Last Night: Demolition Derby

Posted by Jesse Froehling on Mon, Aug 17, 2009 at 2:48 PM

In college, I lived in a house with a pool table. The pool table, stuffed in a side room, served sometimes for billiards, but more often, as a bar or a beer-pong table. Once, it served as a bed. One night, somebody got drunk and messed it up, so my ever-evolving cast of roommates decided to take it to the alley out back and break it. I happened to be driving by and decided to help in the demolition effort. I turned down the alley, hit the gas and ran over the pool table. It was awesome.

I thought about that event last night as I watched my first-ever demolition derby at the Western Montana Fair.

It seems absurd that somebody would fork over 17 bucks to witness a bunch of rust buckets smashing each other to pieces, but when offered a ticket, I didn’t hesitate to fish out my wallet. Perhaps the appeal lies in the fact that demolition derbies are usually illegal—you don’t get to run your car into stuff very often. Or maybe it’s the feeling we’ve all had during a traffic jam on Reserve Street. As I inch along at a mile or two per hour, bicyclists sailing by on the shoulder, there’s always a part of me that wants to drop into four low, T-bone a Subaru, flip off an old lady, pick off a bicyclist or two, then swing it into oncoming traffic and hit the gas.

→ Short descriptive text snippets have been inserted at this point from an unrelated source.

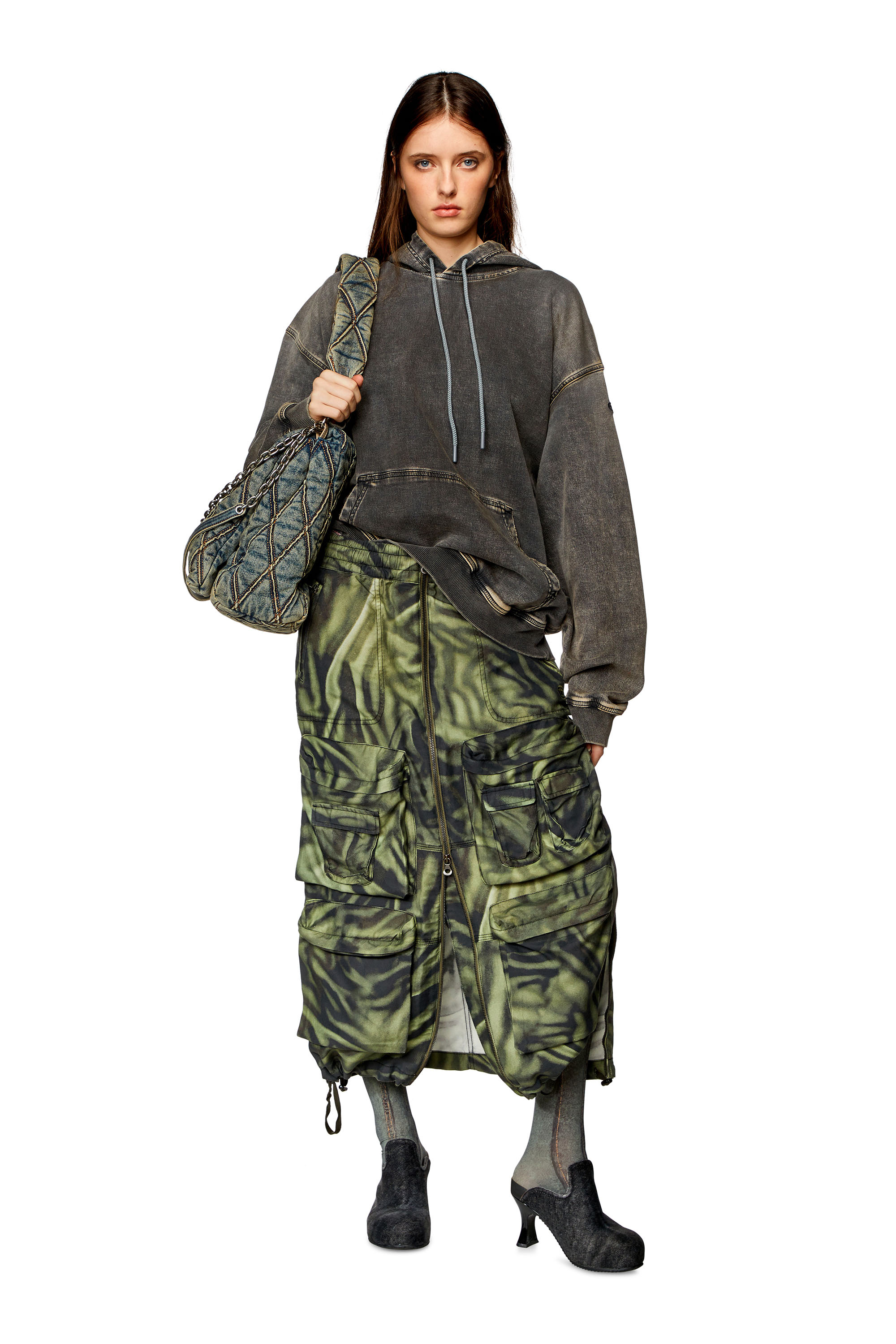 Diesel - O-MIRTOW, Woman's Long cargo skirt with zebra-camo print in Green/Black - 2
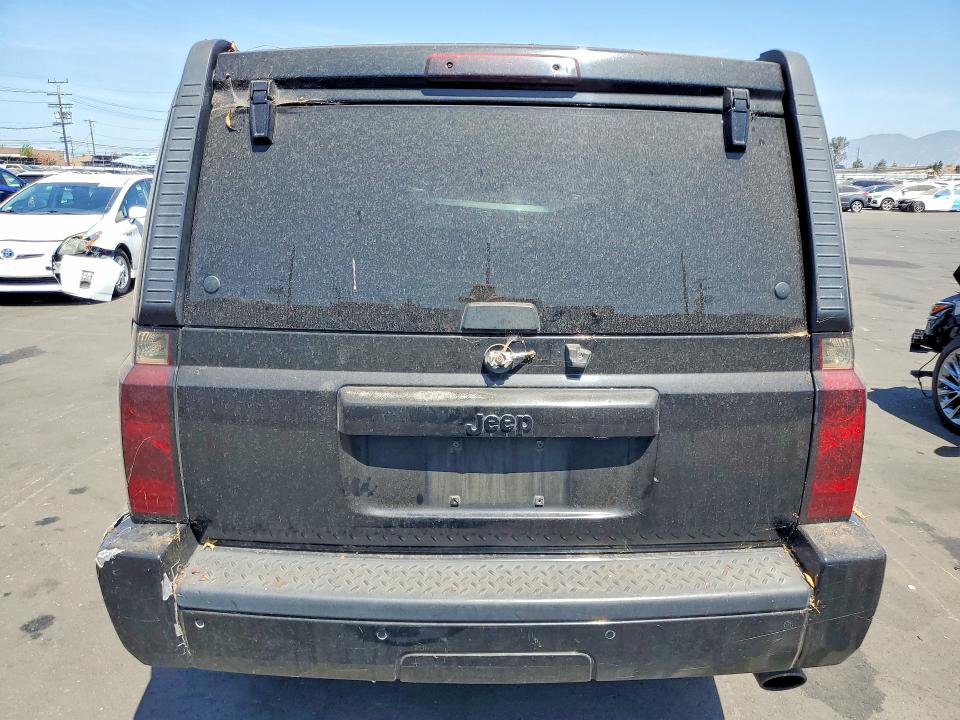 2008 Jeep Commander VIN 1J8HH48K68C114662 COPART salvage auction — MINOR DENT/SCRATCHES, CA - DIS/DLR/EXP ONLY CLEAN TITLE, sold $275 on 2026-07-29 (photo 6)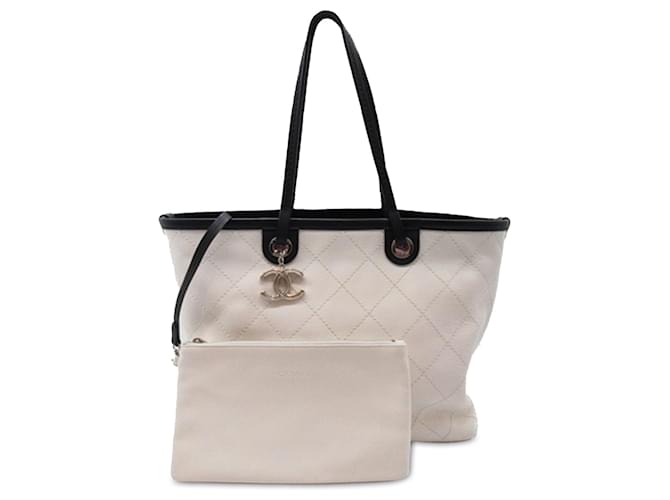 CHANEL Handbags Classic CC Shopping White Leather  ref.1327547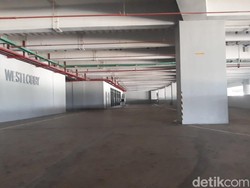 Begini Kecilnya Akses Masuk JIS yang Tak Muat Dimasuki Bus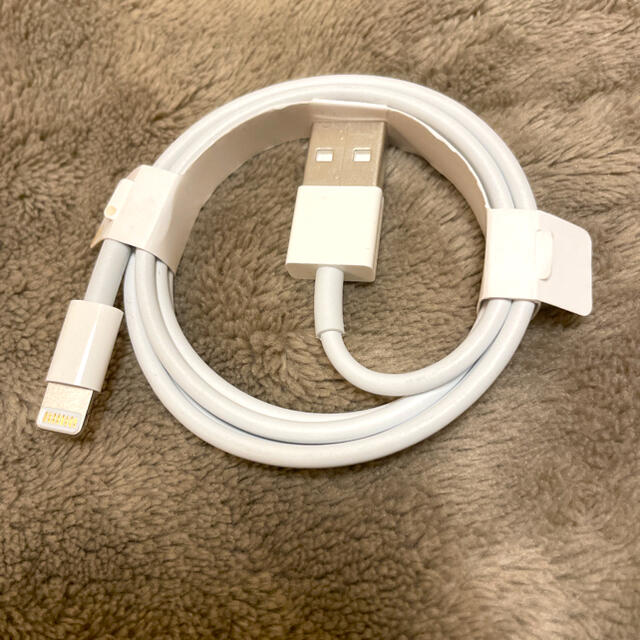 Apple(アップル)の純正新品✨Lightning - USBケーブル（1m） スマホ/家電/カメラのスマートフォン/携帯電話(バッテリー/充電器)の商品写真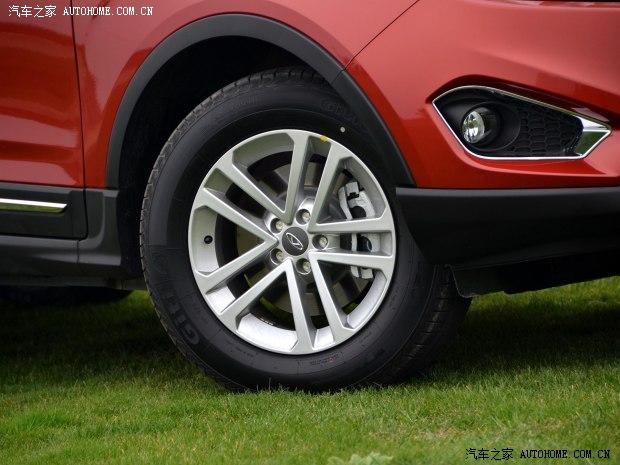 奇瑞奇瑞汽车瑞虎52014款 2.0L 手动家悦版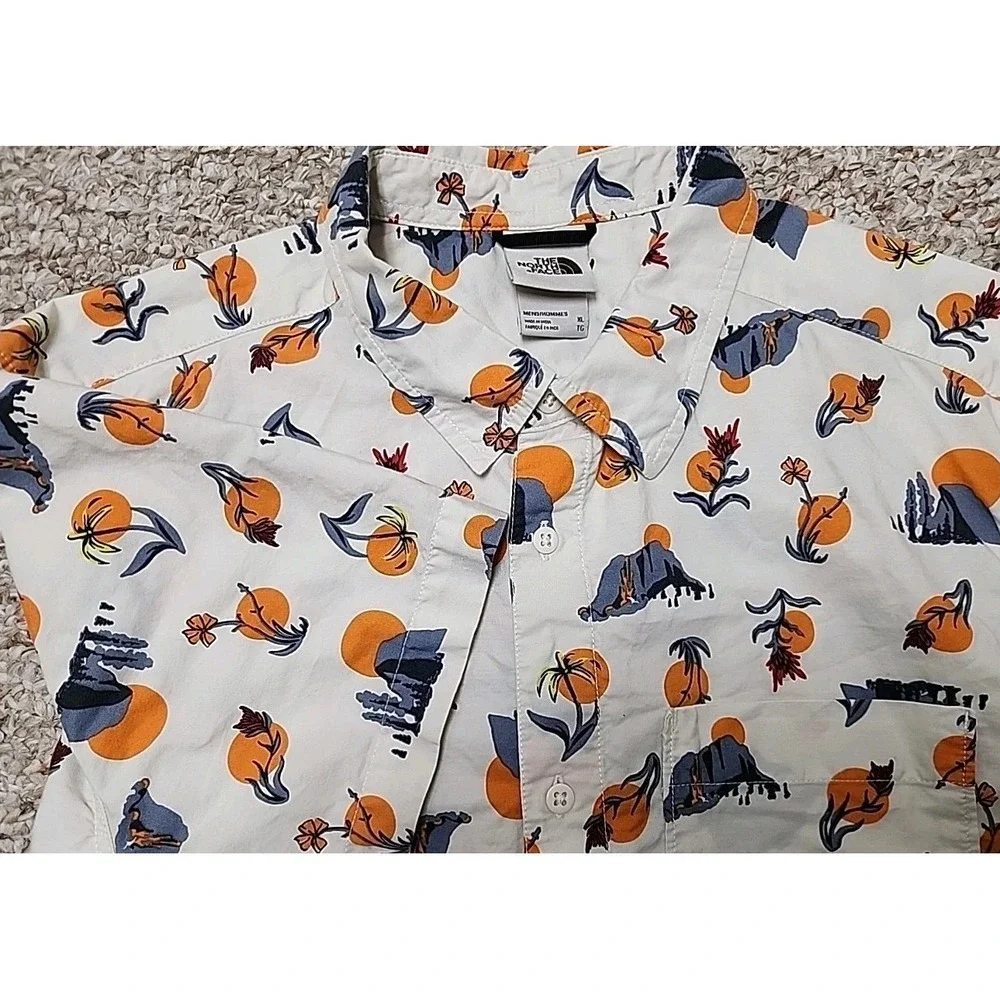 The North Face Button Up Shirt Floral Sun Mount Print Short Sleeve Mens XL India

In demolition derbies, you can do this. But also, as a co-worker points out, destruction is really cool. Either way, I became a fan of demolition derbies last night.

The only let down of the night came during the intermission entertainment. While drivers readied for the consolation round, the arena showcased a so-called "Redneck Relay." Two teams competed to change a tire on a police car, tape up a back window, shoot it out with a paintball gun, then, toss a toilet seat in the trunk. It sounds hilarious, but the end result is 3,000 people watching a dude change a tire.

Despite the destruction that served as the main event, my favorite part of the night was watching three freestyle motorcyclists. With zero room for error, they accelerated along a ramp, hit the throttle, sailed perhaps 50 feet in the air, performed a trick (a back flip, a can can) and landed. I’d seen it before on TV, but to witness it in person was pretty impressive. In fact, it was the only time all night I didn’t want to see any destruction.